Available data —
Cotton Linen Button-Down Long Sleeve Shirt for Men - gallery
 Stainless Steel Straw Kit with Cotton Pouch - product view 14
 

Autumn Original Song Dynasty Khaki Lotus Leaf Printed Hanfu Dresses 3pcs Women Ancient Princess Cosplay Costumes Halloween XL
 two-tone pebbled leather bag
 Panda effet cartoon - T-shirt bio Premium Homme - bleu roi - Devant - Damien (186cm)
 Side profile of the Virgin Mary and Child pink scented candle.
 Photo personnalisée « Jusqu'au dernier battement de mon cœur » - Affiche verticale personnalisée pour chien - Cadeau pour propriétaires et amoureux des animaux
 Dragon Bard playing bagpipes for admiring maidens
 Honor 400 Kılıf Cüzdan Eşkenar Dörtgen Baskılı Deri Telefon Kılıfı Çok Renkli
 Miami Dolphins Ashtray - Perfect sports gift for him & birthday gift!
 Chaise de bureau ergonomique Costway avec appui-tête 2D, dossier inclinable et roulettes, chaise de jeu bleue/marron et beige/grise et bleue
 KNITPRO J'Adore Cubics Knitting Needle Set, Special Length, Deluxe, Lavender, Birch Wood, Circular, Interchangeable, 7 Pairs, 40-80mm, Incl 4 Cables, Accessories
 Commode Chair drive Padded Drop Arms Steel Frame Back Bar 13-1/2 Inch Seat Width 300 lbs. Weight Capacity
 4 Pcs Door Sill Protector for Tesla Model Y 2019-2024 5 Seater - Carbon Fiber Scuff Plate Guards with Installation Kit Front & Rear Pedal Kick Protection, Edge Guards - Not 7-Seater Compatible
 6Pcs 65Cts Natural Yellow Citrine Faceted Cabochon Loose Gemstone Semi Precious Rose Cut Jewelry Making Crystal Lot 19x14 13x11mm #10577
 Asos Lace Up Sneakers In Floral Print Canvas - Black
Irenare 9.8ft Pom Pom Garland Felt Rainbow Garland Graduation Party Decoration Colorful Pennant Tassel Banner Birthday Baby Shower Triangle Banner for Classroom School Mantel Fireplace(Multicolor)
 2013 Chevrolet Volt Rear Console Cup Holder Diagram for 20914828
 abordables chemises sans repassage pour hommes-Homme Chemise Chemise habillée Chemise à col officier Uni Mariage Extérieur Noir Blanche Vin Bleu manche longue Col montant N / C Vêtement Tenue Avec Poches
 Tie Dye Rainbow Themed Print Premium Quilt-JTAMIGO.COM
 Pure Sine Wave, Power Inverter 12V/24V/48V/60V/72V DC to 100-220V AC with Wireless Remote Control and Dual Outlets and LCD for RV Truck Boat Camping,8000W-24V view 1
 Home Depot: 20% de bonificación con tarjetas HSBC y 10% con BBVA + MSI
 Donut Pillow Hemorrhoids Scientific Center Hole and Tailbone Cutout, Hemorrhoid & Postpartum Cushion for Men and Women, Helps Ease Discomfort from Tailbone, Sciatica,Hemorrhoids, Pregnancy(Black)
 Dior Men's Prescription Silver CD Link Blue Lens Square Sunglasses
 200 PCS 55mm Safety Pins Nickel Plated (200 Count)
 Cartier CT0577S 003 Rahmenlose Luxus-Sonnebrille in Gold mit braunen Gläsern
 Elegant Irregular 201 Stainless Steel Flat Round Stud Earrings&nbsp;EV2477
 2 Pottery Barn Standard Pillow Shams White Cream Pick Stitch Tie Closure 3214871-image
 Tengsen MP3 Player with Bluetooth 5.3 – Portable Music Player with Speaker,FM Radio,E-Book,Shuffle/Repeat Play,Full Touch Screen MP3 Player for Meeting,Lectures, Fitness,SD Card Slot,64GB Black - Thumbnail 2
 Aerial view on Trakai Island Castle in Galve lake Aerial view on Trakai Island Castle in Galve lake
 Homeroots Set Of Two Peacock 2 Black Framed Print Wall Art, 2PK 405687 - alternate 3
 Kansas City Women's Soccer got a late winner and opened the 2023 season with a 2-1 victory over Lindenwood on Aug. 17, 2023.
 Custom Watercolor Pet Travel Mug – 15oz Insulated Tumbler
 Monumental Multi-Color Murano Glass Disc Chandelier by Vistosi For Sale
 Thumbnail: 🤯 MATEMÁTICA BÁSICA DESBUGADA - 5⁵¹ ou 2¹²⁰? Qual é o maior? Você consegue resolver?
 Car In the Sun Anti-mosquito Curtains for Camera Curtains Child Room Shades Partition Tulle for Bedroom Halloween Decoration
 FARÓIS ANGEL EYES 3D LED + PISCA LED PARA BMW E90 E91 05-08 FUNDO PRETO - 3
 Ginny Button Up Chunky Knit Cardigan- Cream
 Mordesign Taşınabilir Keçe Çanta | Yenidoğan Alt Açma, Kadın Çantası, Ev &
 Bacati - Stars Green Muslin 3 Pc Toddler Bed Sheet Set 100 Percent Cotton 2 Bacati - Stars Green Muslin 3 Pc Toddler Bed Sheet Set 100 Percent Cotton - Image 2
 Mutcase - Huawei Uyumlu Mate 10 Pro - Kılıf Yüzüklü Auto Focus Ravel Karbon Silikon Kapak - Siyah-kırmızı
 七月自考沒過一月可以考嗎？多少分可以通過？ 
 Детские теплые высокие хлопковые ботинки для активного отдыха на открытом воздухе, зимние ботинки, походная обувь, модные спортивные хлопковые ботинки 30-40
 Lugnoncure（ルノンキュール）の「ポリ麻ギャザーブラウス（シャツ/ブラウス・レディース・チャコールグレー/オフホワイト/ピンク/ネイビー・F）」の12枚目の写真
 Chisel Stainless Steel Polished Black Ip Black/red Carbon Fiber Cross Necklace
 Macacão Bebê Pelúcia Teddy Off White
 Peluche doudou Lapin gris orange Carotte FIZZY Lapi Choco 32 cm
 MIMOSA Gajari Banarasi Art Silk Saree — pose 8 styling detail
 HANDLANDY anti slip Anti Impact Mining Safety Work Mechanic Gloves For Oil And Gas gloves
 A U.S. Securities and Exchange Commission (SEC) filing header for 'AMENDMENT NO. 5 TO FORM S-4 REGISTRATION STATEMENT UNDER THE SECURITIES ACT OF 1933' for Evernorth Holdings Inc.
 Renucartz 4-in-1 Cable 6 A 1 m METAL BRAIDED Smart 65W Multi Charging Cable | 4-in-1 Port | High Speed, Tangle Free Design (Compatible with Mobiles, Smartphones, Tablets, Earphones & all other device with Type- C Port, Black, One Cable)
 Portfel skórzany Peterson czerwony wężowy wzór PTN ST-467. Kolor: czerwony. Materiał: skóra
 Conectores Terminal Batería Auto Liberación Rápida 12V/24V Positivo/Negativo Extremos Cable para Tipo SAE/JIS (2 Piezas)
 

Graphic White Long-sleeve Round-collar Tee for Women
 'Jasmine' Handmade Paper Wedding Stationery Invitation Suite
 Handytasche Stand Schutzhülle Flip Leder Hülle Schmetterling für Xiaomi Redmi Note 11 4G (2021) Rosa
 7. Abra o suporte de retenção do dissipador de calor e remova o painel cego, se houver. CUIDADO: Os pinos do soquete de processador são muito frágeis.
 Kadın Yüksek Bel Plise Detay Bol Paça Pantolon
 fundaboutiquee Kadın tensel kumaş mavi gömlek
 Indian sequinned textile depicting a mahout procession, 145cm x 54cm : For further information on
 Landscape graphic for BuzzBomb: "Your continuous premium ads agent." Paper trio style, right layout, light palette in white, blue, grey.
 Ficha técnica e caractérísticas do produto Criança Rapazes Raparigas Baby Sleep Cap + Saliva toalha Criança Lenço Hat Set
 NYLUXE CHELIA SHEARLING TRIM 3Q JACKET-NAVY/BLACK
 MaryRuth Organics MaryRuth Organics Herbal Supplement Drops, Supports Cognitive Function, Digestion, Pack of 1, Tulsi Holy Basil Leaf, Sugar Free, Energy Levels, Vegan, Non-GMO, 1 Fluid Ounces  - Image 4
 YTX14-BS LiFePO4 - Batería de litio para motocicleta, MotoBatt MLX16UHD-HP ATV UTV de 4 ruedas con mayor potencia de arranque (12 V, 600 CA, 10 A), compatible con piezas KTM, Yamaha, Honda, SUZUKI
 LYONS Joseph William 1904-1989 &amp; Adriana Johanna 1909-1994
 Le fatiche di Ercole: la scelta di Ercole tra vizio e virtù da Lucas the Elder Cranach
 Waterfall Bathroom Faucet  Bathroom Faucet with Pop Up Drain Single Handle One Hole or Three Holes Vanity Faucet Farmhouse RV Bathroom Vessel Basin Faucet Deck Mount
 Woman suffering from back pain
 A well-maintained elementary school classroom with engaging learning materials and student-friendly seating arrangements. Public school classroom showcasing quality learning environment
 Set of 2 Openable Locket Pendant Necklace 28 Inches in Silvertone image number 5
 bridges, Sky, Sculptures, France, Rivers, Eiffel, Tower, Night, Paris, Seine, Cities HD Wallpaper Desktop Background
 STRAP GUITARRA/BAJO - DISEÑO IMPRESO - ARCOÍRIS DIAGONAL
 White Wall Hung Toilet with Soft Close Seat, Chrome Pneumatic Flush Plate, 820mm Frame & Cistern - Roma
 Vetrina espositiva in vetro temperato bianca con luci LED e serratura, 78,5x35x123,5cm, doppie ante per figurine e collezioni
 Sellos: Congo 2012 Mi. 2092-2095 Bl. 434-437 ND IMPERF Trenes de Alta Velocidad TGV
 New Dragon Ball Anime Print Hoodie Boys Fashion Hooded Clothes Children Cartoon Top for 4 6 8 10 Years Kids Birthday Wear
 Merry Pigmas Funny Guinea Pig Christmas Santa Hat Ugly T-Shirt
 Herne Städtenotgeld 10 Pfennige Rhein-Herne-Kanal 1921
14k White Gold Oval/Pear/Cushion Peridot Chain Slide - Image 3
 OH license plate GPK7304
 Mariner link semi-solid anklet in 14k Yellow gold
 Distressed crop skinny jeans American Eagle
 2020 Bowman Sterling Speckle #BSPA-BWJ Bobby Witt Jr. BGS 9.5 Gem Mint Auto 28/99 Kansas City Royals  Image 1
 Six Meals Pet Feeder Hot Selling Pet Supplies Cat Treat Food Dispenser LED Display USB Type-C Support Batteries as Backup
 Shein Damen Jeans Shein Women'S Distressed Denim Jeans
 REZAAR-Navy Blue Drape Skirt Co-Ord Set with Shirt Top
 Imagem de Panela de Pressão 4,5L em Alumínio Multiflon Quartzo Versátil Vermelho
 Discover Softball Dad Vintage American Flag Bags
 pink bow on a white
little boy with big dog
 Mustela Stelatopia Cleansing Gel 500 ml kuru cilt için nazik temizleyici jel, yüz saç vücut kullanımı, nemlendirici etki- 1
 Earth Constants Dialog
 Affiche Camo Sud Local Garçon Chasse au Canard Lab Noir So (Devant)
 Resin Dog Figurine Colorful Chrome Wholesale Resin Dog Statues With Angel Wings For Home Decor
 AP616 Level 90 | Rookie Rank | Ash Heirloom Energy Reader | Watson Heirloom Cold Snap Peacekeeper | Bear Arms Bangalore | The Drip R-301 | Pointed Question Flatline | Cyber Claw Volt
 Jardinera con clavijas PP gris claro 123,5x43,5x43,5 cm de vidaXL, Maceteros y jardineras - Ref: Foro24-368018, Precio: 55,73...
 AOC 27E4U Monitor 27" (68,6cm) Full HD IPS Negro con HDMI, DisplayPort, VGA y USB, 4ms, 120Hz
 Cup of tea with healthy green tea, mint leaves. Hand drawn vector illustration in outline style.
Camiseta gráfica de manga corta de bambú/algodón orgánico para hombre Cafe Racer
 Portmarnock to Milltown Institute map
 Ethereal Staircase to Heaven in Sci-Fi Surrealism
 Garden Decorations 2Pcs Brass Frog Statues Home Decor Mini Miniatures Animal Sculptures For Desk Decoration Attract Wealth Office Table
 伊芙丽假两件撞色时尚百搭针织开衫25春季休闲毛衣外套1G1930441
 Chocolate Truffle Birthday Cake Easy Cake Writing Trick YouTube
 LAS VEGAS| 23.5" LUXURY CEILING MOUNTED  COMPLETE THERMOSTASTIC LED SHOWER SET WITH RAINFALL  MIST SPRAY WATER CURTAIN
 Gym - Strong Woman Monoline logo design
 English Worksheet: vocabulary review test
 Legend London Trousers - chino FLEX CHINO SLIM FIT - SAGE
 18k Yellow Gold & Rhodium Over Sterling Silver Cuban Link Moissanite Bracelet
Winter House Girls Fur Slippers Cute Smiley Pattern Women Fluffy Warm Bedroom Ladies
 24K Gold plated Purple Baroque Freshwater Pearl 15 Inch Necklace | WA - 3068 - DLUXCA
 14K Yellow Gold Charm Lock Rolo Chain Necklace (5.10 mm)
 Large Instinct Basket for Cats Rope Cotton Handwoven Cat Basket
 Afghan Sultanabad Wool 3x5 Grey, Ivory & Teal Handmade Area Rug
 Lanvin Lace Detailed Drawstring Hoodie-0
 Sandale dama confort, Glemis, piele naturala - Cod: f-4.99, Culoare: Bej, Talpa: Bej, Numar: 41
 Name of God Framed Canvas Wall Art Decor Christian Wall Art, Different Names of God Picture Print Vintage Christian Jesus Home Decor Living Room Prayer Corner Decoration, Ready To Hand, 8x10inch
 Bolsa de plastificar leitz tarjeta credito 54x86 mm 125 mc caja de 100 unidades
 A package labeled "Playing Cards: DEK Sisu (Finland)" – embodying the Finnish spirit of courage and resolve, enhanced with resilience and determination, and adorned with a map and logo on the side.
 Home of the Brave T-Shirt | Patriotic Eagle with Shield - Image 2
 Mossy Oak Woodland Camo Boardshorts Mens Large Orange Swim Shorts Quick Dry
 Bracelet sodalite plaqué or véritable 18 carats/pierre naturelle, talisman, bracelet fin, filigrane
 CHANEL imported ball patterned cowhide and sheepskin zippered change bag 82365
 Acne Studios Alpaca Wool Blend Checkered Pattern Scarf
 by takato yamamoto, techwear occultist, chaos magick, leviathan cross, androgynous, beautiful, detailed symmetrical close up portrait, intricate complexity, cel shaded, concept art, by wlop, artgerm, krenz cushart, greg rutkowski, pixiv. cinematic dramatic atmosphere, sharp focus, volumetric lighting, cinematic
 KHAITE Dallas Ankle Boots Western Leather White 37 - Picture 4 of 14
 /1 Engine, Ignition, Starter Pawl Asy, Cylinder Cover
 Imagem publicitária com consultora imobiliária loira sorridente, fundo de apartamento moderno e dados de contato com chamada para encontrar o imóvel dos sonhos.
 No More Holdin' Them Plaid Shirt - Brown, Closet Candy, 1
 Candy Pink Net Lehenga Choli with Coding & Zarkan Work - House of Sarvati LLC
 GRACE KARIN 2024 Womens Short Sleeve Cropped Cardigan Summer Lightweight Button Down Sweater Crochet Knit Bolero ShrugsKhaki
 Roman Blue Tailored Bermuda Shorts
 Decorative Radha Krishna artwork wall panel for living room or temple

What the task requires — Reproduce the lines of the entries above from the one with "Earth Constants Dialog" to the one with "Gym - Strong Woman Monoline logo design", both included, exactly and without any other line.

Exercise output —
 Earth Constants Dialog
 Affiche Camo Sud Local Garçon Chasse au Canard Lab Noir So (Devant)
 Resin Dog Figurine Colorful Chrome Wholesale Resin Dog Statues With Angel Wings For Home Decor
 AP616 Level 90 | Rookie Rank | Ash Heirloom Energy Reader | Watson Heirloom Cold Snap Peacekeeper | Bear Arms Bangalore | The Drip R-301 | Pointed Question Flatline | Cyber Claw Volt
 Jardinera con clavijas PP gris claro 123,5x43,5x43,5 cm de vidaXL, Maceteros y jardineras - Ref: Foro24-368018, Precio: 55,73...
 AOC 27E4U Monitor 27" (68,6cm) Full HD IPS Negro con HDMI, DisplayPort, VGA y USB, 4ms, 120Hz
 Cup of tea with healthy green tea, mint leaves. Hand drawn vector illustration in outline style.
Camiseta gráfica de manga corta de bambú/algodón orgánico para hombre Cafe Racer
 Portmarnock to Milltown Institute map
 Ethereal Staircase to Heaven in Sci-Fi Surrealism
 Garden Decorations 2Pcs Brass Frog Statues Home Decor Mini Miniatures Animal Sculptures For Desk Decoration Attract Wealth Office Table
 伊芙丽假两件撞色时尚百搭针织开衫25春季休闲毛衣外套1G1930441
 Chocolate Truffle Birthday Cake Easy Cake Writing Trick YouTube
 LAS VEGAS| 23.5" LUXURY CEILING MOUNTED  COMPLETE THERMOSTASTIC LED SHOWER SET WITH RAINFALL  MIST SPRAY WATER CURTAIN
 Gym - Strong Woman Monoline logo design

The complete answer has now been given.